The entries below are to be repeated exactly, and their pictures left out.
########
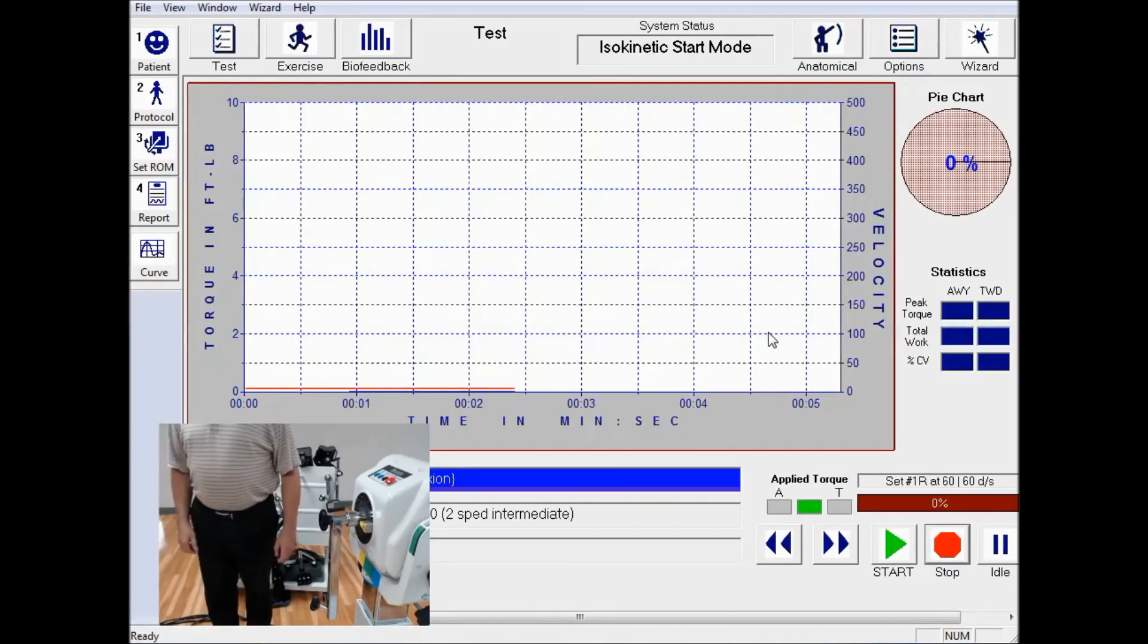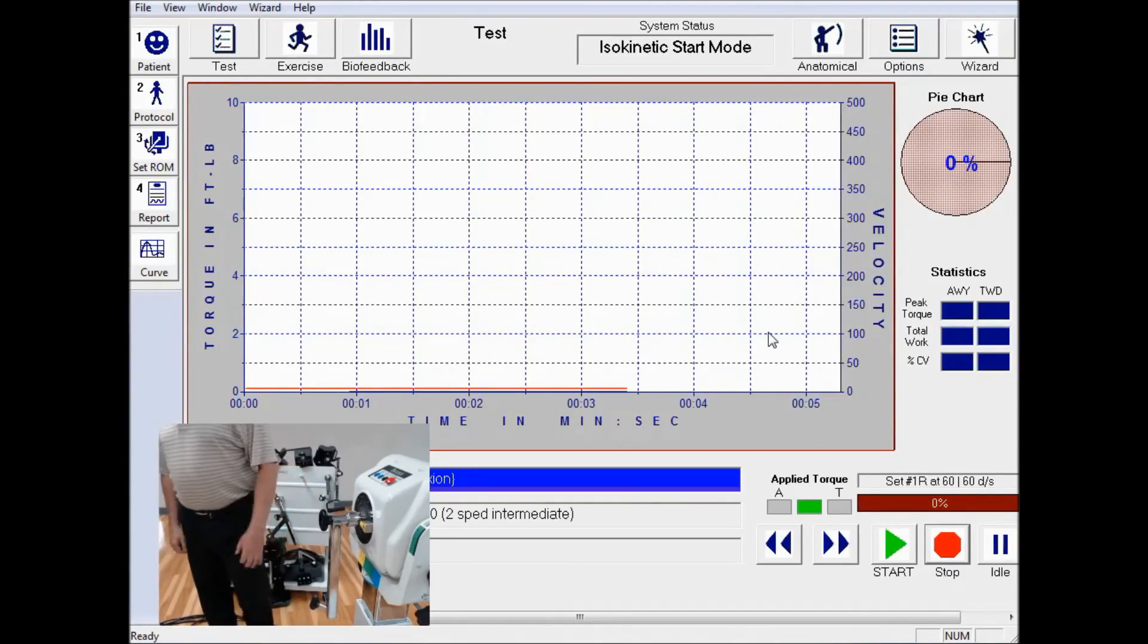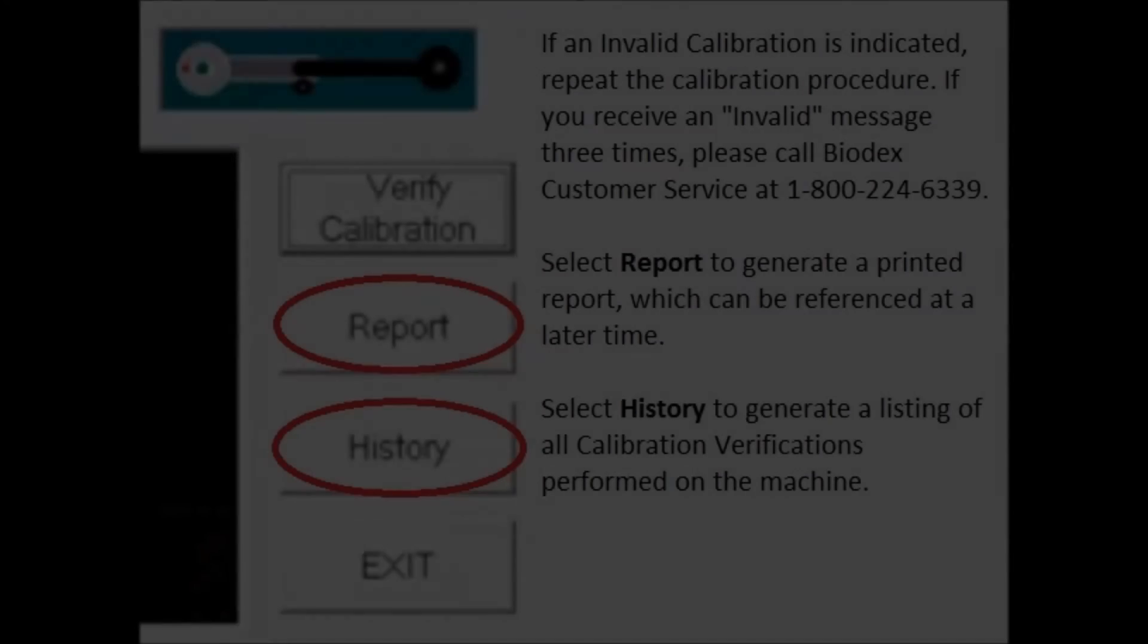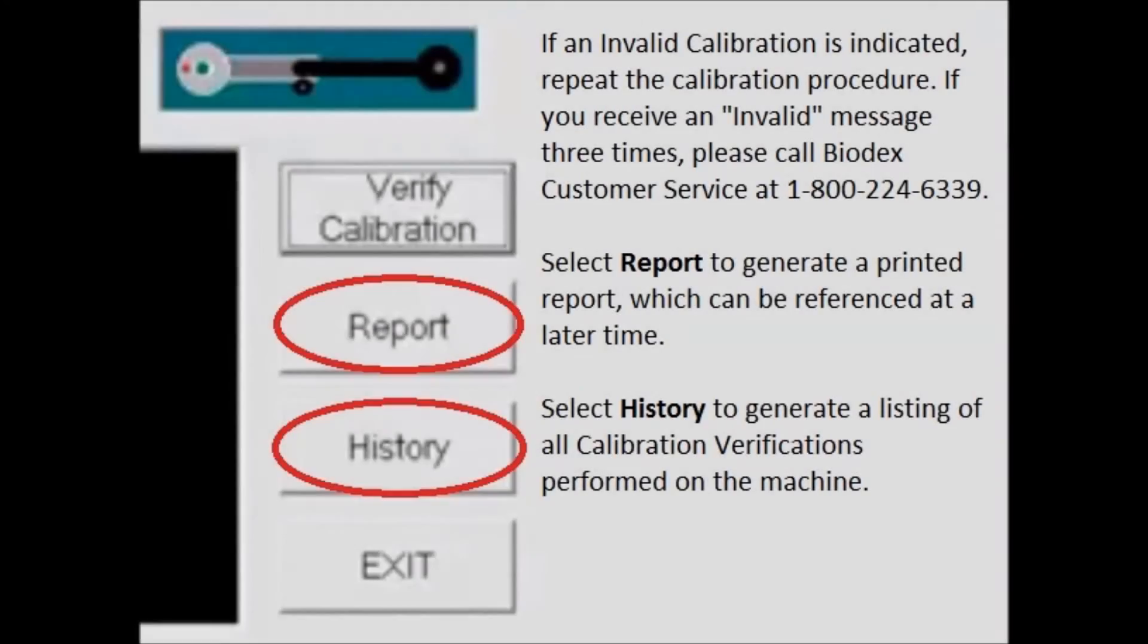That concludes the calibration. Select Report to generate a printed report, or History to generate a listing of all calibration verifications performed on the machine.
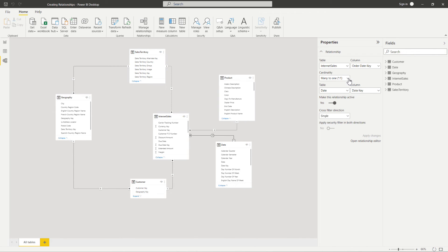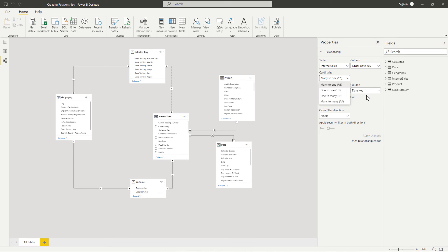Here in this pane, we have the ability to change the cardinality. Power BI will automatically detect and set the cardinality type. There are four cardinality types: many-to-one, one-to-one, one-to-many, and many-to-many. The many-to-one and one-to-many are the two most common and they are essentially the same — the one side means the column contains unique values and the many side means the column contains duplicate values. A one-to-one relationship means both columns contain unique values, and a many-to-many relationship means both columns can contain duplicate values. We're going to leave the many-to-one cardinality in place here because we know it is the best option for our relationship.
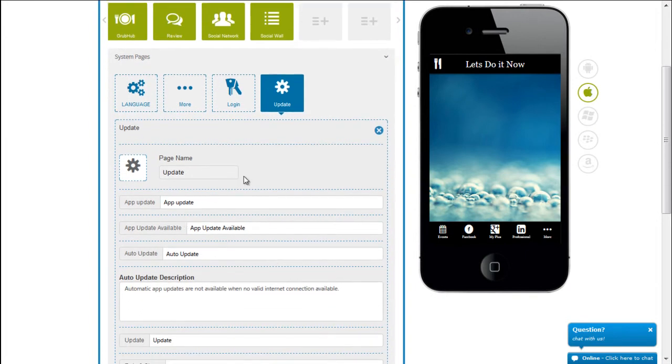Here you could rename the page and call it what you like and you can say that it's an app update page or simply update.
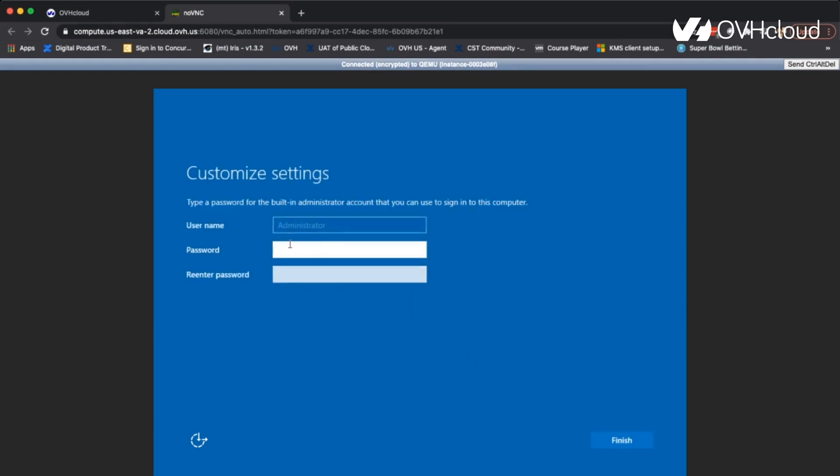And now we're just going to go ahead and set an administrator password. So I will go ahead and do that real quick.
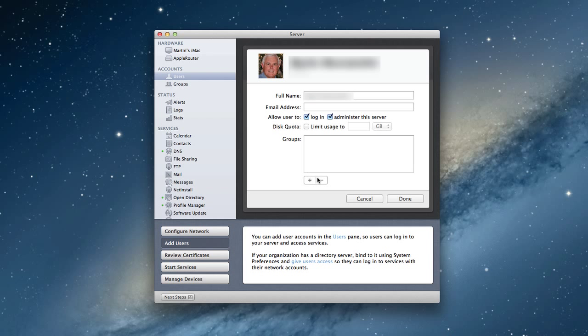And then you can add groups to a user as well. Just like we had in Lion Server, you've got the full name of the person and you've got their short name, that they can use either of those to log into the server. And that's kind of the basic screen, the basic configuration with those two little changes there in the middle.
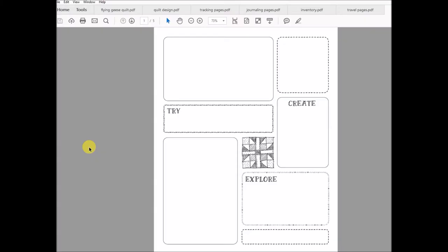Hey everyone, this is course number four for the Patchwork Planner Club members. For this course, I thought let's go over the journaling pages and explore what we can do with them and some ideas.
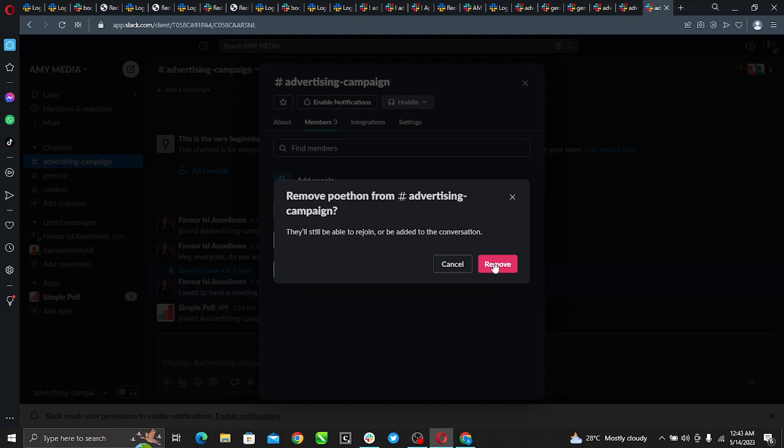That's it, this person will be removed. You can do that for every other person that you want to remove from your channel. Go ahead and repeat the process and you will just be fine. I hope this video helped your search.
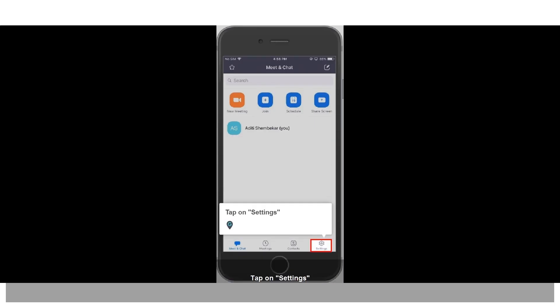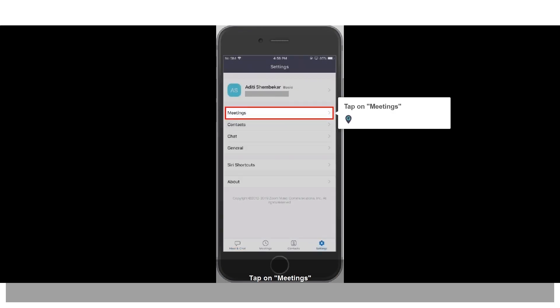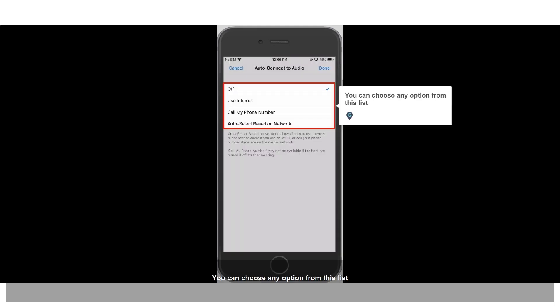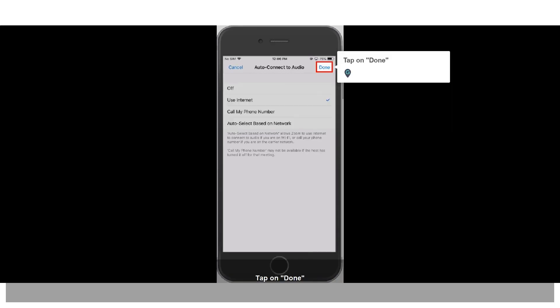Tap on Settings. Tap on Meetings. Tap on Auto Connect to Audio. You can choose any option from this list. Tap on Done.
########
• ANSWER SECTION
That concludes the calibration. Select Report to generate a printed report, or History to generate a listing of all calibration verifications performed on the machine.
Here in this pane, we have the ability to change the cardinality. Power BI will automatically detect and set the cardinality type. There are four cardinality types: many-to-one, one-to-one, one-to-many, and many-to-many. The many-to-one and one-to-many are the two most common and they are essentially the same — the one side means the column contains unique values and the many side means the column contains duplicate values. A one-to-one relationship means both columns contain unique values, and a many-to-many relationship means both columns can contain duplicate values. We're going to leave the many-to-one cardinality in place here because we know it is the best option for our relationship.
Here you could rename the page and call it what you like and you can say that it's an app update page or simply update.
And now we're just going to go ahead and set an administrator password. So I will go ahead and do that real quick.
And then you can add groups to a user as well. Just like we had in Lion Server, you've got the full name of the person and you've got their short name, that they can use either of those to log into the server. And that's kind of the basic screen, the basic configuration with those two little changes there in the middle.
Hey everyone, this is course number four for the Patchwork Planner Club members. For this course, I thought let's go over the journaling pages and explore what we can do with them and some ideas.
That's it, this person will be removed. You can do that for every other person that you want to remove from your channel. Go ahead and repeat the process and you will just be fine. I hope this video helped your search.
Tap on Settings. Tap on Meetings. Tap on Auto Connect to Audio. You can choose any option from this list. Tap on Done.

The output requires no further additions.